The reason our index isn't being used is because the query isn't Sargable i.e. Search Argument Able. A query which is sargable is one where the database engine can use an index to perform the query. A non-sargable query often means that a scan (table scan or index scan) must be performed. So why is LIKE '%old%' not a sargable query?
Lets take a step back. Imagine our dataset is more simplistic, say the English Dictionary. Imagine our query is find all the words in the dictionary that contain the word 'old' i.e. LIKE '%old%'. To answer this question you would need to start at page 1 and go through every word making a note of each word as you find one that contains 'old'. This is essentially an index scan. If I changed the question to give me all the words with 'old' at the begining i.e. LIKE 'old%', then the question becomes much easier to answer. You would 'seek' to the world 'old' in the dictionary and then perform a scan until you hit the first word that didn't begin 'old' which might be the word 'outsold' (according to /usr/share/dict/words it is, the OED would probably suggest otherwise). You answered this question considerably quicker because we have made our query sargable, i.e we were able to use the index to get the answer, in this case the 'index' is the natural sort order/form factor of a dictionary in book form.

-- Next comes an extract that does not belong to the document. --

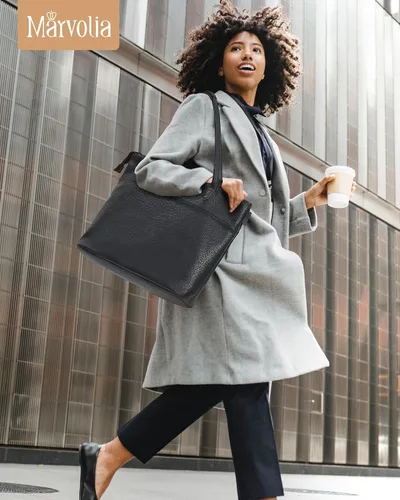 Miniatura 7 de Marvolia Bolso grande Bolsos de mano para mujer, de piel sintética, bolso de mano de trabajo con cremallera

So lets answer our question again but this time with the sargable LIKE 'old%' query.
So you can see this query was massively quicker, only 62ms of CPU time, the rest of the time will data I/O time fetching the actual rows from the database. Looking at the execution plan confirms this.
100% (roughly) was spent fetching the rows, and the index seek took virtually no time at all.
Unfortunately by removing the leading wildcard we have essentially changed the question. The point I am trying to make is you need to be fairly sure that you need the leading wildcard to answer your question. Because using it is not going to scale. If you really need this facility then you could look into using a search platform such as Apache-Solr or building your own indexing/search application using Lucene, but these come with their own set of challenges. We might be able to get around the wildcard requirement by changing the user interface to 'Search for companies begining with : '. This isn't always possible. As I mentioned earlier its worth investigating whether full willcard search is a geniune requirement. If it isn't then make your interface sypathetic to the underlying database. Then maybe later when/if the requirement arises you can invest more time/effort into doing full wildcard searches using methods like I suggest.
The basic rules of thumb are to
SELECT * FROM [companies].[dbo].[companies] WHERE YEAR(DateOfIncorporation) = 2013
SELECT * FROM [companies].[dbo].[companies] WHERE DateOfIncorporation > '31-12-2012' AND DateOfIncorporation < '01-01-2014'
Imagine one of the company fields is the phone area code as a varchar (because it requires the preceeding 0).
SELECT * FROM [companies].[dbo].[companies] WHERE AreaCode = 01792
SELECT * FROM [companies].[dbo].[companies] WHERE AreaCode = '01792'
Because int has a lower precedence than varchar the int isn't converted to a string and then compared against the index. Instead a index scan is forced.
I hope this helps you improve the performance of some of your queries.